-- Materials provided follows --

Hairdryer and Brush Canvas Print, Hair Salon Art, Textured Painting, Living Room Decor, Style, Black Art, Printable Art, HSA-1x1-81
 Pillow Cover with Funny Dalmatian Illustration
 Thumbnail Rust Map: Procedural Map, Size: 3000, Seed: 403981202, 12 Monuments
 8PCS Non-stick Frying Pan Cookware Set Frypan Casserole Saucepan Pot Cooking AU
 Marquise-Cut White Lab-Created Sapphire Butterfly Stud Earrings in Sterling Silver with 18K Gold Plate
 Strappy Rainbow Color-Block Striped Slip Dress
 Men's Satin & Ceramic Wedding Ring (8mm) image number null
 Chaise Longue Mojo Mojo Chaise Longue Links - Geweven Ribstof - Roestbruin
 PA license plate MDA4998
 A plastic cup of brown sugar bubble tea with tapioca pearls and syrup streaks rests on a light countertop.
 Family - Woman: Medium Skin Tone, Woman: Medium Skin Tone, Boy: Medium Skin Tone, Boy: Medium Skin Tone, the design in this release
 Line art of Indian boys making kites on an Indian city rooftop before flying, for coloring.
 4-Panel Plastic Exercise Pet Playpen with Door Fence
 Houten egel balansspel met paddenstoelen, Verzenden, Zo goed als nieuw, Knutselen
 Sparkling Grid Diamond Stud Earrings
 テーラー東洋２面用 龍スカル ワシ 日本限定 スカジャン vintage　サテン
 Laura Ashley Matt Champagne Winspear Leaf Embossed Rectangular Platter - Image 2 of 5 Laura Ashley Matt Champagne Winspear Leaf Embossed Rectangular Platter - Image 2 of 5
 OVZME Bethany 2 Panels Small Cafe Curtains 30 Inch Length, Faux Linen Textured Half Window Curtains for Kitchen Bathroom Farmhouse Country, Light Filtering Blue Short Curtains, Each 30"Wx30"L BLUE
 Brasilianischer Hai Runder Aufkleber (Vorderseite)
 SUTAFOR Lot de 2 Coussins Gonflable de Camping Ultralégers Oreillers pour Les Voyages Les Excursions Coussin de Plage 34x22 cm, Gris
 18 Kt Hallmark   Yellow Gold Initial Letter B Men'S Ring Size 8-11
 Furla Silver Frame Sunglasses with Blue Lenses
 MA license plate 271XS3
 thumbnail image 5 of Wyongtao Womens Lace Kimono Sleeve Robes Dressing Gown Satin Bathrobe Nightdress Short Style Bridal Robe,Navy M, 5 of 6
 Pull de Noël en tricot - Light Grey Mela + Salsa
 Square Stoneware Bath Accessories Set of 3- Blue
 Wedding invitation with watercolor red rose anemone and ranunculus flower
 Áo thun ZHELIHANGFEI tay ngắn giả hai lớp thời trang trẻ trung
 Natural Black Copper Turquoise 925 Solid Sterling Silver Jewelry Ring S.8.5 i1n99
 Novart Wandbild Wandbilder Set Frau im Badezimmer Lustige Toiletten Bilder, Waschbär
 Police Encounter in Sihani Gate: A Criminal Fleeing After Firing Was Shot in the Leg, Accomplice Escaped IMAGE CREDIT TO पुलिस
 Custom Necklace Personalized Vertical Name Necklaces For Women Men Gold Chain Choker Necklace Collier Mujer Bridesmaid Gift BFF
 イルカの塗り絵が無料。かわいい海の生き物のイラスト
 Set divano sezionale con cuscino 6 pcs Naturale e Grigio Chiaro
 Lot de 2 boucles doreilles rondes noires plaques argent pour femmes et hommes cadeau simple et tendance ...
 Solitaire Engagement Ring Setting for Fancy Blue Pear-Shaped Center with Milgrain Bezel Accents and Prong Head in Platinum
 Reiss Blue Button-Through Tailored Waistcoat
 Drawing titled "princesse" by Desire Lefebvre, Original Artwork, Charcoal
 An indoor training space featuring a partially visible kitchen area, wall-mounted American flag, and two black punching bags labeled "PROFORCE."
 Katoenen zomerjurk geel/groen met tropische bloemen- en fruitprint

-- Materials provided concluded --

:: Description of the task ::
Please copy every line of the data that carries the string "Gold".

:: Result of this task ::
 Marquise-Cut White Lab-Created Sapphire Butterfly Stud Earrings in Sterling Silver with 18K Gold Plate
 18 Kt Hallmark   Yellow Gold Initial Letter B Men'S Ring Size 8-11
 Custom Necklace Personalized Vertical Name Necklaces For Women Men Gold Chain Choker Necklace Collier Mujer Bridesmaid Gift BFF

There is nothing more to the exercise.